Mais en revanche, rien n’était petit dans la vue que l’on découvrait du Mont-Dolent.

[Situé à la jonction de trois arêtes, il se dresse, comme un véritable belvédère, au-dessus de tout ce qui l’entoure à une certaine distance ; et certaines brèches semblent ouvertes tout exprès dans les chaînes voisines, pour étendre dans presque toutes les directions les limites de l’horizon. Je ne puis comparer les précipices qui descendent vers le glacier d’Argentière qu’à ceux de la Jungfrau. Les arêtes situées des deux côtés de ce glacier et, en particulier, les rochers abrupts des Droites et des Courtes, dominés par le pic pointu et couvert de neige de l’Aiguille Verte, offrent presque le même aspect que les Grandes Jorasses. La tour massive de l’Aiguille de Triolet et les Jorasses, plus éloignées, encadrent le paysage alpestre le plus splendide et le plus gracieux tout à la fois que j’aie jamais contemplé ; c’est le massif tout entier du Mont-Blanc, dressant sa haute cime glacée bien au-dessus des nombreux contre-forts qui soutiennent les Monts-Maudits, supporté, à gauche, par le Mont-Peuteret et par les Aiguilles dentelées qui dominent la Brenva. Cet aspect du Mont-Blanc n’a rien de nouveau ; mais, de ce point, sa pose incomparable lui donne toute la supériorité d’un tableau composé par un maître… Cette vue, aussi étendue que celle dont on jouit au sommet du Mont-Blanc, est bien plus belle[2].]

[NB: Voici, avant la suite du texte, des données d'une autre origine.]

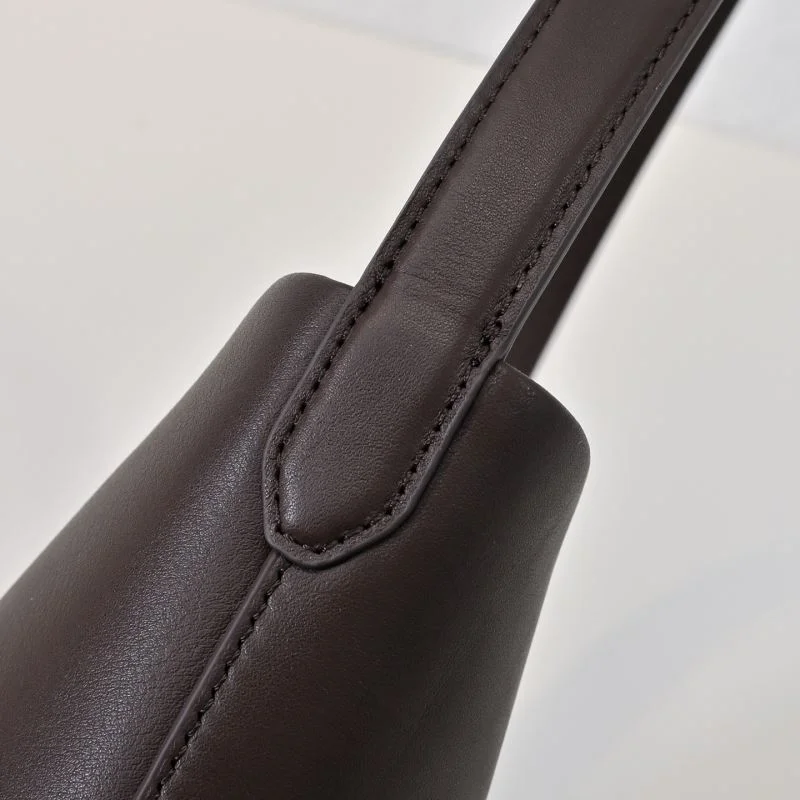The Row Bucket Bags WrinkleFree 45435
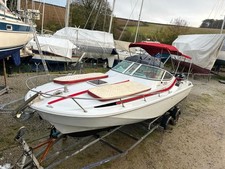 Boston Whaler Temptation 2500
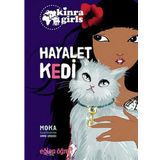 Eğlen Öğren Kinra Kızları - Hayalet Kedi - Moka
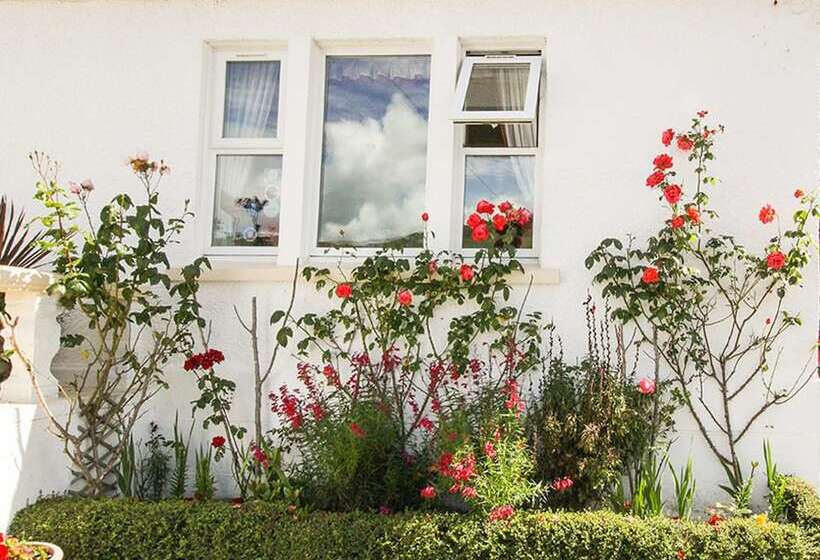 مبيت وإفطار The Gantocks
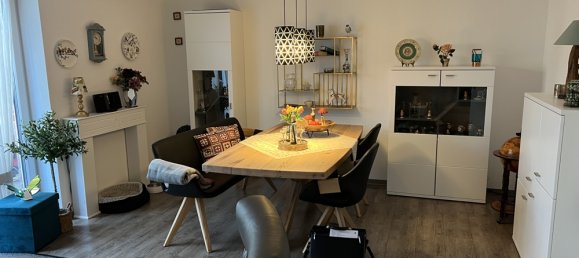 5 rooms Townhouse in Emsland, Germany No. 146083 8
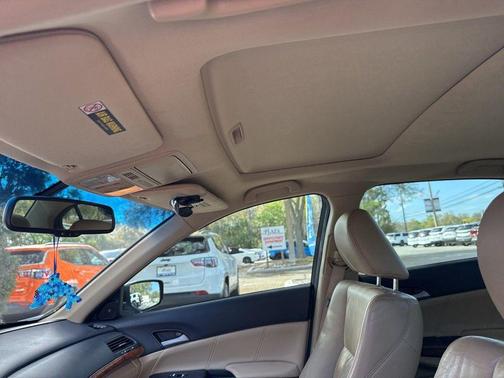 2011 Honda Accord EX-L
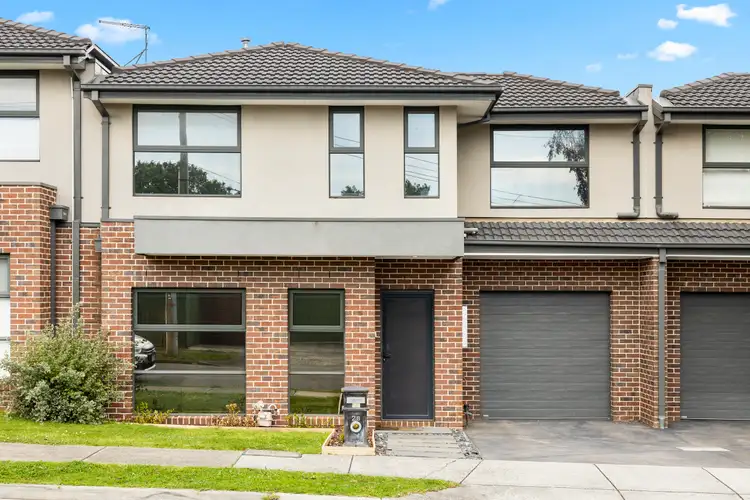 Main view of Homely townhouse listing, 2B Evans Street, Scoresby VIC 3179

Nous descendîmes à Cormayeur, que nous quittâmes dans l’après-midi du 10 juillet pour aller camper sur le Mont-Suc, dans l’intention de faire l’ascension de l’Aiguille de Trélatête. Nous espérions que les nuages qui l’enveloppaient ne tarderaient pas à se dissiper. Il n’en fut rien ; aussi déposâmes-nous, outre nos personnes, une énorme charge de paille sur la moraine du glacier de Miage, où nous nous installâmes, au-dessus du lac

  1. L’ascension du Mont-Dolent et le retour à Pré-de-Bar (y compris les haltes) nous prirent moins de onze heures.
  2. Les paragraphes de ce chapitre imprimés entre ces deux signes [ ], sont extraits des notes de M. Reilly.